Artificial intelligence and predictive analytics in obstetric anesthesia: early warning for maternal complications.
Authors
Affiliations (2)
Affiliations (2)
- Department of Anesthesiology, Perioperative and Pain Medicine, Brigham and Women's Hospital, Harvard Medical School, Boston, Massachusetts.
- Department of Anesthesiology, University of Michigan, Ann Arbor, Michigan, USA.
Abstract
Maternal morbidity and mortality remain largely preventable, yet current risk-assessment tools identify only a fraction of women who experience severe complications. This review synthesizes recent advances in artificial intelligence and machine learning for early prediction, decision support, and procedural guidance in obstetric anesthesia, with a focus on postpartum hemorrhage, hypertensive disease, sepsis, hemodynamic instability, neuraxial procedures, and peripartum pain. Recently, electronic health record (EHR)-integrated and imaging-based machine learning models have outperformed traditional risk scores for postpartum hemorrhage, placenta accreta spectrum, and pre-eclampsia, and are beginning to incorporate multiomics and genetic data. Obstetric-specific early warning systems and parsimonious machine learning models for maternal sepsis and epidural-related fever show promise but remain limited by sensitivity and external validation.
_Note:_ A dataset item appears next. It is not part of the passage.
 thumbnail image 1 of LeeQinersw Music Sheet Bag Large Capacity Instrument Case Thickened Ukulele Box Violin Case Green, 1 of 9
Waveform analytics, noninvasive hemodynamic indices, and artificial intelligence-assisted ultrasound can anticipate hypotension and enhance neuraxial and regional block placement. Machine learning frameworks for postcesarean and chronic postpartum pain, together with virtual reality interventions, support more individualized analgesia. Artificial intelligence-enabled tools are poised to augment, rather than replace, clinician judgment in obstetric anesthesia. Real-world impact will depend on rigorous external validation, equitable implementation, interpretable model design, seamless EHR integration, and close collaboration between clinicians, data scientists, and vendors.